Tuesday, 18 September 2012

In Which I Considered Screaming

Being under sedation is not as sedate as you might think. Yesterday, the evil NHS told me that I couldn't eat ever again, or was it that I wasn't allowed to eat less than six hours before the surgery? I should probably look into that. Anyway, they clearly heard that my stomach had a case of the rumblies so they sat me down next to the tuck shop, full of all manner of sweeties and crisps and ginger beer and such. Clearly, food was on my mind a little bit, so I asked the attending what the hospital which sweetmeats and cheesy comestibles they were to lavish upon us- I say us as I was in a group of six and we'd individually be led off to the surgeon's room (in which I considered screaming, to freak out the other patients). Nursey told me that they would provide me with toast and tea- standard, fair enough. But I was in the hospital to look for nasties and to confirm that I had coeliac's disease. Toast make coeliac sufferer go bad. I pointed this out to them, and said I'd nip off to the tuck shop and get some of the bad stuff for later and promise not to run off crying with hospital gown and all. However, not only had the NHS made a point of shoving me next to all the beautiful sweets they knew I couldn't have, they decided to close it as soon as I needed it- this would have been around 15:30 on a weekday, the bastards. ANYROAD, it seems that they had literally never encountered a person having an endoscopy to see if they're allergic to gluten, as the only food they offered would be the sort that launched a world of hurt upon "picky eaters" like myself.  Let's say for argument's sake that they do 10 endoscopies a day (It's plenty more than that).
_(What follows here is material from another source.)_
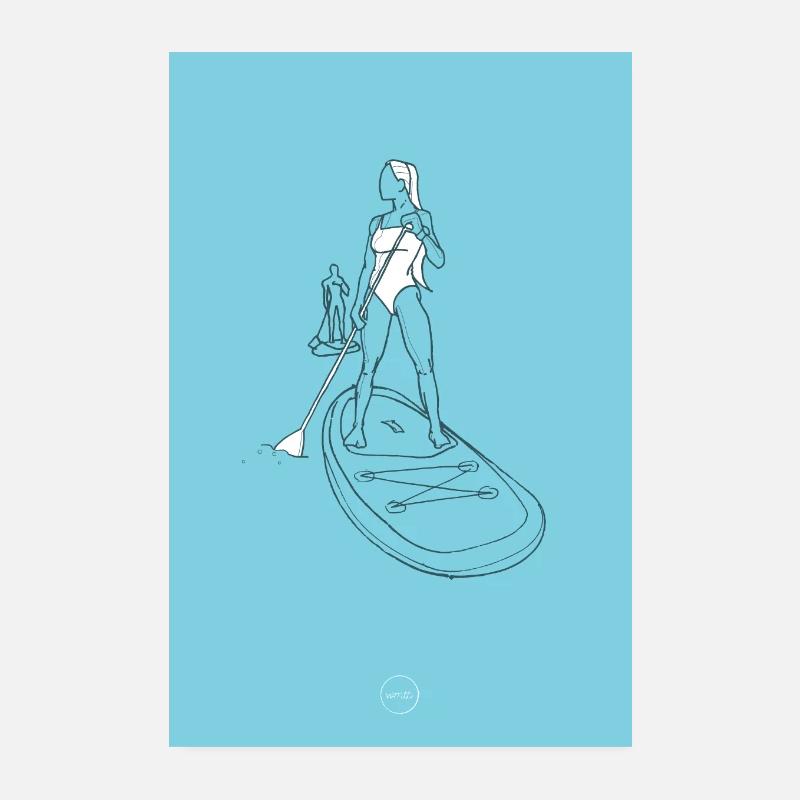 Paddle board Poster 8" x 12" (20x30 cm)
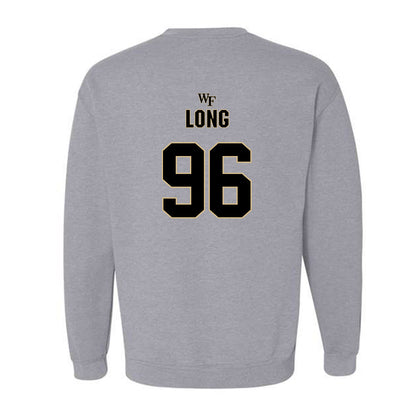 Wake Forest - NCAA Football : Cooper Long - Fashion Shersey Crewneck Sweatshirt-1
Considering that one in 100 people in the U.K are thought to be gluten intolerant, that means that the hospital would only have started doing these procedures for around the last two weeks. If you can come up for a better explanation for why the nurse was given the runaround with five different departments, please furnish me with it. It's the infrastructure that's the issue, not the staff. All the staff were luvverly, even the surgeon until he jammed what felt like a Scalextric set down my gullet.


Endoscopies- we can go all night long, baby

They'd done all the business of putting one of those valve needle jobbies into my hand in which to inject the sedative later on. I'd specifically asked for the sedative rather than the throat spray anaesthesia because I'd heard horror stories about that, and did from the other five who were there with me. Having the sedative is a wee bit more risky, but I was confident I'd made the right choice. It's meant to send you into a sort of stupor, so that you're still vaguely aware of what's going on around you- I was painfully aware. Apparently shoving things down your throat makes you gag. A lot. In that moment, I managed to get past the not inconsiderable pain and be grateful for the nil by mouth regime they'd stuck me on. The alternative would be drowning in my own sick (which at the age of 27 would give me something in common with Jimi Hendrix et al). As I made reference to before, the sedative didn't really seem to take hold. Apparently most people are incapable of walking unaided afterwards, whereas I seemed to be leaking bon mots. I have come to the idea that it was in fact a stimulant. It would explain why my throat seemed to be battered to shreds, and it would explain why I sashayed out of the hospital like a more manic Maria from The Sound of Music. It would also explain why I forgot to take my hospital gown off and looked like an escaped mental patient. But no matter. Yesterday was the first time since spring that I tried to win a bottle of Cava off of D by scoring a Frank Lampard freekick on Pro Evo 2008. Yesterday was the second time I won a bottle of Cava off of D by scoring a Frank Lampard freekick on Pro Evo 2008. I might even trade both in for one bottle of actual Champagne. My reaction was a little different from D when he hit that immense golf shot- as you should remember, he squealed with delight. I cried with laughter instead. D just cried. He thinks the hospital injected me with a stimulant as well, and has now stipulated if he ever lets me round his again that there will be random drugs tests in various sessions of playing Pro Evo. Finally, a boney fido reason for him making me wee into a cup around his. If he ever lets me round again.